Kecakapan Slamet Riyadi juga dibuktikan ketika memimpin Serangan Umum Empat Hari di Solo pada 7-10 Agustus 1949. Saat itu Slamet Riyadi menjabat Komandan Brigade V Divisi II sekaligus Komandan Wehkreise I (WK I) meliputi daerah Surakarta dan Madiun.
Pertempuran dahsyat yang dimenangkan pasukan Slamet Riyadi dan masyarakat Solo itu merupakan serangan Belanda yang terakhir di Indonesia.
Slamet Riyadi juga menjadi perwakilan Indonesia dalam penyerahan kedaulatan wilayah Solo oleh Belanda di Stadion Sriwedari pada 12 November 1949. Keberhasilan itu menguatkan nilai tawar Indonesia dalam Konferensi Meja Bundar (KMB) di Den Haag. Sehingga Belanda resmi menyerahkan kedaulatan Indonesia pada 27 Desember 1949.

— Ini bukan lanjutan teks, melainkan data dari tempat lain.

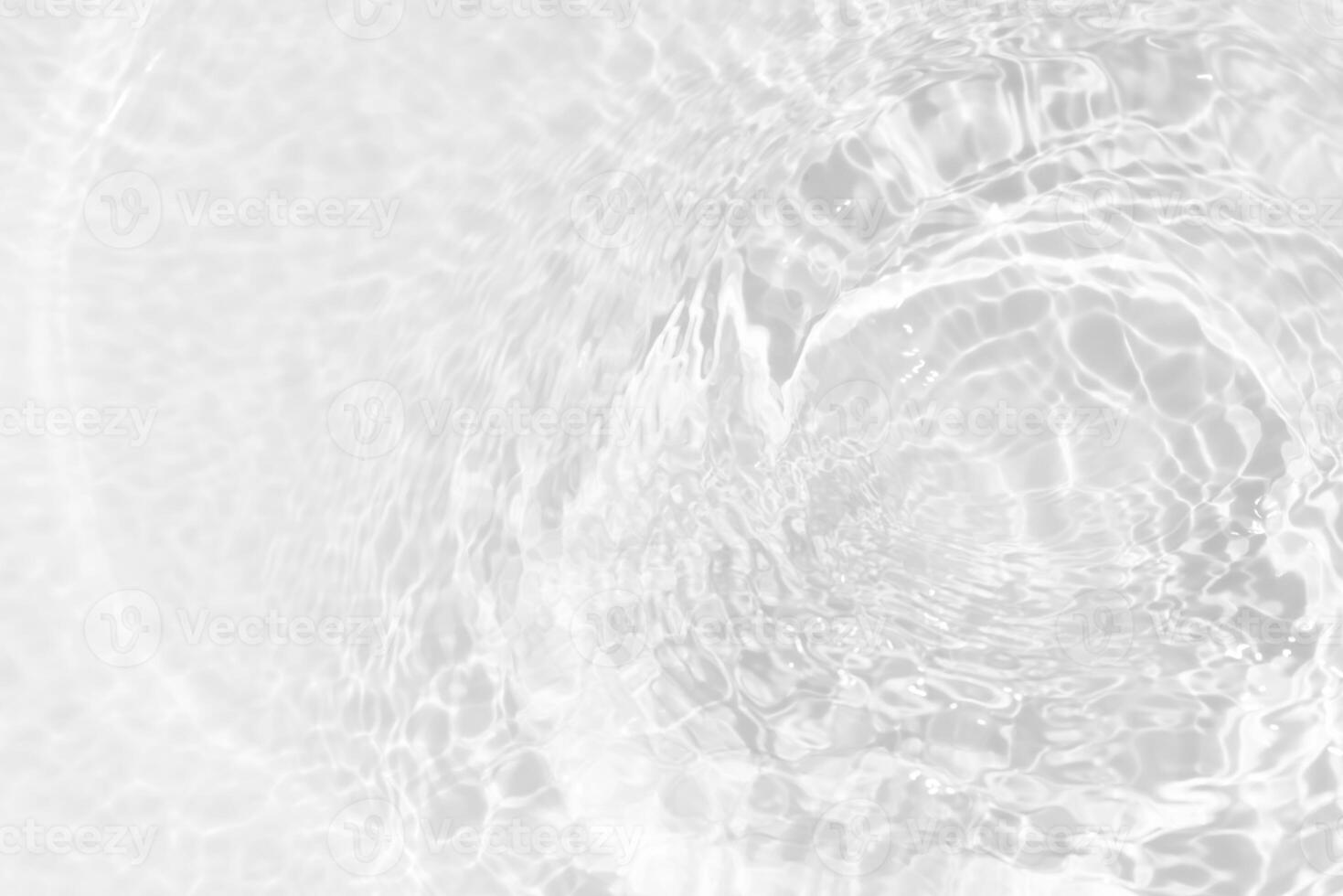 Blue water with ripples on the surface. Defocus blurred transparent blue colored clear calm water surface texture with splashes and bubbles. Water waves with shining pattern texture background. photo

Ketua Dewan Harian Cabang (DHC) 45 Solo, Soedjinto, mengatakan Slamet Riyadi tidak hanya berjasa dalam berbagai pertempuran. Ide, strategi perang, dan gagasan Slamet Riyadi membentuk pasukan khusus telah diwujudkan para penerusnya.
"Waktu itu namanya Kesatuan Komando (Kesko), lalu berganti jadi Korp Komando Angkatan Darat (KKAD), Resimen Para Komando Angkatan Darat (RPKAD), Komando Pasukan Sandi Yudha (Kopasandha), hingga menjadi Komando Pasukan Khusus (Kopassus)," kata Soedjinto.
Atas jasa-jasanya, Slamet Riyadi mendapatkan gelar pahlawan nasional pada 2007. Gugur dengan pangkat Letkol, Slamet Riyadi mendapatkan kenaikan pangkat dua tingkat menjadi Brigadir Jenderal Anumerta.
Soedjinto menambahkan, jenazah Brigjen Slamet Riyadi dimakamkan di Tulehu Ambon atas permintaan warga setempat. "Makamnya tetap di Ambon. Di Taman Makam Pahlawan Jurug itu hanya gumpalan tanah makamnya dari Ambon yang dibawa ke Solo," kata Soedjinto.
Selain diabadikan sebagai nama jalan raya utama di Solo dan di kota-kota besar lainnya, nama Brigjen Slamet Riyadi juga dipakai untuk nama kapal hingga Universitas Slamet Riyadi (Unisri) Solo.